Ultimately, beyond a strategy aimed at exploiting short-term opportunities, it is hard to imagine global investors placing faith in the contingent protection offered by tariffs or believing that the incompatibility between fossil fuel use and climate change can be resolved by simply ignoring it. 

Geopolitical resilience and the EU’s projection  

In 2022, European Commission President Ursula von der Leyen stated that the EU is a “geopolitical” union, acting as a global player in the energy transition and capable of aligning its international positioning and global projection with the demands of decarbonisation. This approach is even more significant in the context of the “economic foreign policy” that the new Commission intends to pursue over the next five years, which sees geopolitical and geoeconomic dimensions as closely intertwined, in response to an international system where alliances, rivalries and competition between powers are increasingly played out in the economic sphere. 

Just over three years after its launch in December 2021, the Global Gateway, the main EU initiative aimed at promoting connectivity with and among partner countries, has become a vehicle for advancing the green transition in line with the external objectives of the Green Deal. Consistent with decarbonisation and European competitiveness goals, the Global Gateway aims to offer an alternative to the engagement strategies of other global players, particularly China – having emerged as a response to the Belt and Road Initiative (BRI). 

The CID includes an external dimension focused on international projection, aimed at building resilient supply chains, including through free trade agreements and other forms of cooperation and partnership. In this context, the European Commission has recently launched two initiatives: the Global Energy Transition Forum and the Clean Trade Investment Partnerships (CTIPs). The former seeks to unlock private investment and accelerate renewable energy adoption through concrete projects, while the latter aims to complement the EU’s network of trade agreements with a more flexible, targeted approach that allows the negotiation of mini trade deals focused on the energy transition. 

It is clear that, in a context where the EU pursues its climate neutrality goals and the transition involves adopting net-zero technologies largely produced in China and other third countries, addressing relations with these countries is vital to manage the political consequences of the European green transition, where a balance will need to be found between de-risking and decarbonisation, especially with regard to supply chains and trade relations.  

The CID is also based on a key principle that sees competitiveness and decarbonisation as intrinsically linked. Competitiveness must necessarily be based on the EU’s ability to play a relevant and leading global role political-diplomatic and economic-industrial levels. In other words, the energy transition can and must be an opportunity for Europe to assert itself internationally, rather than losing competitiveness compared to other global powers. 

The strength of the Green Deal 

These four elements are found within the Green Deal. While some aspects may be controversial or disputed, the very existence of such a robust and comprehensive plan such as the Green Deal, built on these pillars, reflects the foresight of those shaping Europe’s industrial and economic strategy in line with the global challenges that are increasingly present and tangible in everyday life, from climate change to tariffs. 

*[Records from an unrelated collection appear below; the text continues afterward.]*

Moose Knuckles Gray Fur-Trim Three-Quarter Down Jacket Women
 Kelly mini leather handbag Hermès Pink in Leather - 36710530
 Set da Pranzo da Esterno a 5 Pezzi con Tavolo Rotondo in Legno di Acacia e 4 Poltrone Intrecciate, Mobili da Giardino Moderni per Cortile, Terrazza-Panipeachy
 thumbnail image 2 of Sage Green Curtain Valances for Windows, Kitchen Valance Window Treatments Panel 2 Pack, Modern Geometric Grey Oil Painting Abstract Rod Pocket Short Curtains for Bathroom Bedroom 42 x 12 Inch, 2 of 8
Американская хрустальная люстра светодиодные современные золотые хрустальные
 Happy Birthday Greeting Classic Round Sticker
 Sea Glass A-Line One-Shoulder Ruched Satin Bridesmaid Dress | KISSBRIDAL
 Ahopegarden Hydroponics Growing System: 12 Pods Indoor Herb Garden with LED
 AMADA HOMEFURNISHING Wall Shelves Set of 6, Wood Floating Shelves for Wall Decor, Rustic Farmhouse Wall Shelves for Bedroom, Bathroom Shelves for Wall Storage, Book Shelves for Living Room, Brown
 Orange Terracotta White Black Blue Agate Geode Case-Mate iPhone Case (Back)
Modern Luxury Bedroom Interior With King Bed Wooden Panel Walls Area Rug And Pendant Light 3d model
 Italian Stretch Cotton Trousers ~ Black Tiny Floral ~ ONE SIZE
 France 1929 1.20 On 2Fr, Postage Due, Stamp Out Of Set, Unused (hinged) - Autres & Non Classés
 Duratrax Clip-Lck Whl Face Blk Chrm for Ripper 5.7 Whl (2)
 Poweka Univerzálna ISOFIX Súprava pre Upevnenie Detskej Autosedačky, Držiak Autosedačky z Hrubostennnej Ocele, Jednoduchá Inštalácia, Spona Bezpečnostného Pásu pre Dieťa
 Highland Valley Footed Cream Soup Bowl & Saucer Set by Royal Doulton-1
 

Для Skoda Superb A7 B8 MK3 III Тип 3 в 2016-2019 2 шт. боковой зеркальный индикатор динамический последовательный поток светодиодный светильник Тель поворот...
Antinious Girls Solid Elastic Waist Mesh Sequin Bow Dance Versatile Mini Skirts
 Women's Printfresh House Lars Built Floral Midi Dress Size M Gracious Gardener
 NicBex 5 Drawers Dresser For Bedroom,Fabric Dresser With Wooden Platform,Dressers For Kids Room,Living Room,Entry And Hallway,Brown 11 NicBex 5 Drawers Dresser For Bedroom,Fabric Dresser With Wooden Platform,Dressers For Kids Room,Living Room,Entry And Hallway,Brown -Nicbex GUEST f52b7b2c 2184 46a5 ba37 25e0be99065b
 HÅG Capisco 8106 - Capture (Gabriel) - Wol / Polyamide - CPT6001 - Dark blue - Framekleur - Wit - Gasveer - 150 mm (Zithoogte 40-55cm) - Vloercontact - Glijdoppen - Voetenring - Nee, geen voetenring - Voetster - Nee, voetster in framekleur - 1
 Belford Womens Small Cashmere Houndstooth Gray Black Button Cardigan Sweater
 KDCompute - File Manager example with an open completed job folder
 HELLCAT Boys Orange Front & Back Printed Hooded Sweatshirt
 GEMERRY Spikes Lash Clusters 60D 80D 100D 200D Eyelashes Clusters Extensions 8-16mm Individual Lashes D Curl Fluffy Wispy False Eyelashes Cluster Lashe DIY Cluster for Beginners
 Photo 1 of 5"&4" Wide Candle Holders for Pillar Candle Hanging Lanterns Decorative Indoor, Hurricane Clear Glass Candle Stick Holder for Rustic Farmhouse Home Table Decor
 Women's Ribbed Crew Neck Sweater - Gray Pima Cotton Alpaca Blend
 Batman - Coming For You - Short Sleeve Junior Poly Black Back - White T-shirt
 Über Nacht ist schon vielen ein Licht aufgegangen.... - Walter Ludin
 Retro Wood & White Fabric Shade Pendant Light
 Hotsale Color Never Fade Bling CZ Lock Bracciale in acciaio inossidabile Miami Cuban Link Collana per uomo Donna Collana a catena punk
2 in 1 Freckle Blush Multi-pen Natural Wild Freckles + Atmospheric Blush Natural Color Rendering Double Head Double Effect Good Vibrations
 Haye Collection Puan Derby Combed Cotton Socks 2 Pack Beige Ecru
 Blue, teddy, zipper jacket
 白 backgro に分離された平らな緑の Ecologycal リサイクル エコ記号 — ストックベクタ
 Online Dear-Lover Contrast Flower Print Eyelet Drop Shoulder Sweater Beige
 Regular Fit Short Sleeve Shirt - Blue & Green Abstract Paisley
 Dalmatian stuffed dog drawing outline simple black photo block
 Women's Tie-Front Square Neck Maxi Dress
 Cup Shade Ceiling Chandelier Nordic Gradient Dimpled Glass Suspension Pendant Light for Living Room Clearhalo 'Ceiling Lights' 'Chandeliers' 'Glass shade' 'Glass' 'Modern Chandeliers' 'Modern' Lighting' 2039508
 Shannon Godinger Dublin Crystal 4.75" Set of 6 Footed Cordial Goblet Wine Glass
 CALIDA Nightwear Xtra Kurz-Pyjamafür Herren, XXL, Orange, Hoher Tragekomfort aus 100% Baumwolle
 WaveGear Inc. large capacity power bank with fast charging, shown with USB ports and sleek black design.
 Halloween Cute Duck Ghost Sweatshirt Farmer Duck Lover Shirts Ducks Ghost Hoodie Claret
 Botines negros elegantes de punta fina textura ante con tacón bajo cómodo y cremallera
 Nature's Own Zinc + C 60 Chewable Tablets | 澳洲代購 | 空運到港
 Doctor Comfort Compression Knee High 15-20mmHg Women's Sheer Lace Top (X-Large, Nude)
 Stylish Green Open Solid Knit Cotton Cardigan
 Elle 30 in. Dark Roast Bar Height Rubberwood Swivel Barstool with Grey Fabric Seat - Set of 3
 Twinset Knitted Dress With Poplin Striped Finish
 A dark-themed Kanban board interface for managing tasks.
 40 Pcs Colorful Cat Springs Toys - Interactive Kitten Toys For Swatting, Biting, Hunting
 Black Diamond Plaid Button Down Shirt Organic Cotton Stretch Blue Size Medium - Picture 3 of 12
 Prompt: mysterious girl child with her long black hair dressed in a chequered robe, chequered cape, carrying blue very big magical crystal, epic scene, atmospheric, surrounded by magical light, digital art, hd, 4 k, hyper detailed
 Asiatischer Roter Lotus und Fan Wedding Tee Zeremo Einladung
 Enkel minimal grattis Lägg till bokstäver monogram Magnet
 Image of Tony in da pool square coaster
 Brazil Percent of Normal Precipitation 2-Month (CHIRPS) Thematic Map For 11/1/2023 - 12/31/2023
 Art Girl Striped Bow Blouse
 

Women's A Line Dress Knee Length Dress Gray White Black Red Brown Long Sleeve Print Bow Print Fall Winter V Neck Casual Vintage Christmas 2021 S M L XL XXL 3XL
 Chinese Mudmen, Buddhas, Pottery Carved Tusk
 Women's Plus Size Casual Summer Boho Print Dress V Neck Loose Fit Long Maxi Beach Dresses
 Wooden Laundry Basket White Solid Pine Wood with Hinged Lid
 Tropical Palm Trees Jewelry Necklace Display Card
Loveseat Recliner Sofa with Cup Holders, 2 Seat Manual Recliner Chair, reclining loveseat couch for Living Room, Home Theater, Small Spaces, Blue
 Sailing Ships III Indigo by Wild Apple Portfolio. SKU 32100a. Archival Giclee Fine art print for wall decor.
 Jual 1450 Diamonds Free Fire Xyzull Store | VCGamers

Europe’s response to Trump’s tariffs should therefore not be one of deregulation or simplification of its policies under pressure from external interests. Instead, it should focus on consolidating strategies that allow Europe to strengthen these four dimensions: energy autonomy, industrial competitiveness, the ability to attract investment and global leadership in the transition. 

Only by managing these pillars with strategic consistency can Europe strengthen its industrial position, respond to the real concerns of people and businesses regarding energy costs and access to technologies, and assert itself as a truly autonomous geopolitical power in the face of pressure from both the United States and China.